━━ Data provided

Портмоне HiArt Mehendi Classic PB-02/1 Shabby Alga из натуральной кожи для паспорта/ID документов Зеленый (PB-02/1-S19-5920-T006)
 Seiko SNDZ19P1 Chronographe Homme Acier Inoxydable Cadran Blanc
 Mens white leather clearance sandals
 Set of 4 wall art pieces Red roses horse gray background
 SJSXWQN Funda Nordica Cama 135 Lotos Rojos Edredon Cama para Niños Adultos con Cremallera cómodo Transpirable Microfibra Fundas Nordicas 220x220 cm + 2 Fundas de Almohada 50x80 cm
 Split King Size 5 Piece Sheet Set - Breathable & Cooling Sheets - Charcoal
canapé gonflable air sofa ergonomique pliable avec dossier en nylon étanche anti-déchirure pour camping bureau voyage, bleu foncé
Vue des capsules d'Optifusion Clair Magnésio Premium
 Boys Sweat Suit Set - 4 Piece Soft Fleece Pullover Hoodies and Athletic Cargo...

━━━━

### Work task
Your answer must be the lines above from the one containing "SJSXWQN Funda Nordica" to the one containing "Split King Size", both included, restated word for word.

### Solved exercise
 SJSXWQN Funda Nordica Cama 135 Lotos Rojos Edredon Cama para Niños Adultos con Cremallera cómodo Transpirable Microfibra Fundas Nordicas 220x220 cm + 2 Fundas de Almohada 50x80 cm
 Split King Size 5 Piece Sheet Set - Breathable & Cooling Sheets - Charcoal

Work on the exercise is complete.